Table 3 shows the characteristics of cases acquired within 7 days of vaccination (deemed post-vaccination cases) compared to those acquired within a larger delay or in the absence of vaccination. Post-vaccination cases were significantly younger (predominantly in 18 to 24 years), more frequently concerned males for myocarditis but not for pericarditis, and without a history of myocarditis or pericarditis, respectively, or of SARS-CoV-2 infection. The lengths of hospital stay were not significantly different in post-vaccination cases of myocarditis (median 4 days) and pericarditis (median 2 days) than in unexposed cases. The frequency of admission in intensive care unit, mechanical ventilation or death was lower for post-vaccination cases than for unexposed cases. After a follow-up of 30 days after discharge, 4 (0.24%) deaths among cases of myocarditis (none among exposed to vaccine) and 5 (0.31%) deaths among cases of pericarditis (including one patient having received a vaccine 8 to 21 days prior to the diagnosis) were reported. Of those, 3 and 2 died during their hospital stay for myocarditis and pericarditis, respectively.

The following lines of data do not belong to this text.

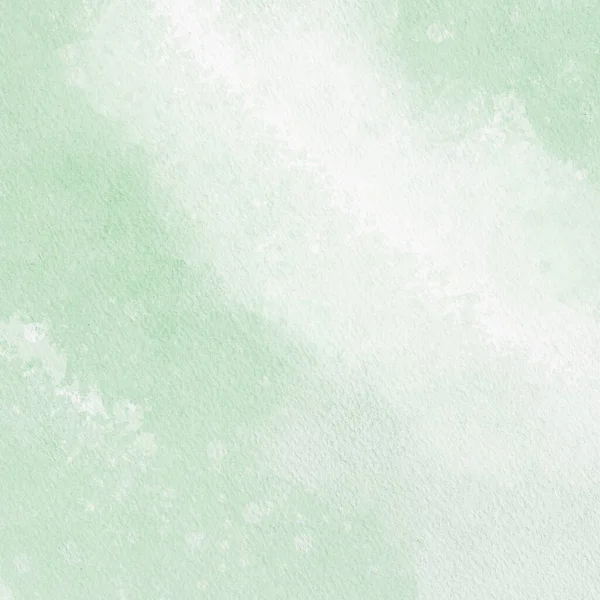 Абстрактний Зелений Акварельний Фон Акварельний Фон Запрошень Карт Плакатів Текстура — стокове фото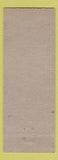 Matchbook Cover - Ellis Auto Body Radiator York PA Full Length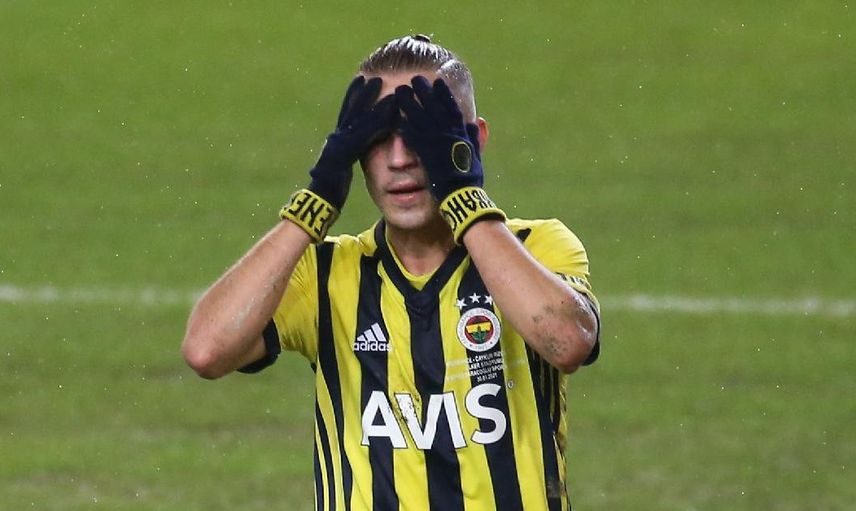 Dinamo Moskova Fenerbahçe'den Dimitrios Pelkas'ı Transfer Etmek İstiyor!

Drug treatments within 30 days after hospital discharge are presented in Figs. S3 and S4. Regardless of the vaccination status, the therapeutic classes most frequently used during the follow-up of myocarditis cases included beta blocking agents (63% of patients), analgesics (52%) and agents acting on the renin−angiotensin system (46%). The corresponding treatments of pericarditis cases were analgesics (83%), colchicine (69%) and beta blocking agents (14%) (Fig. S4).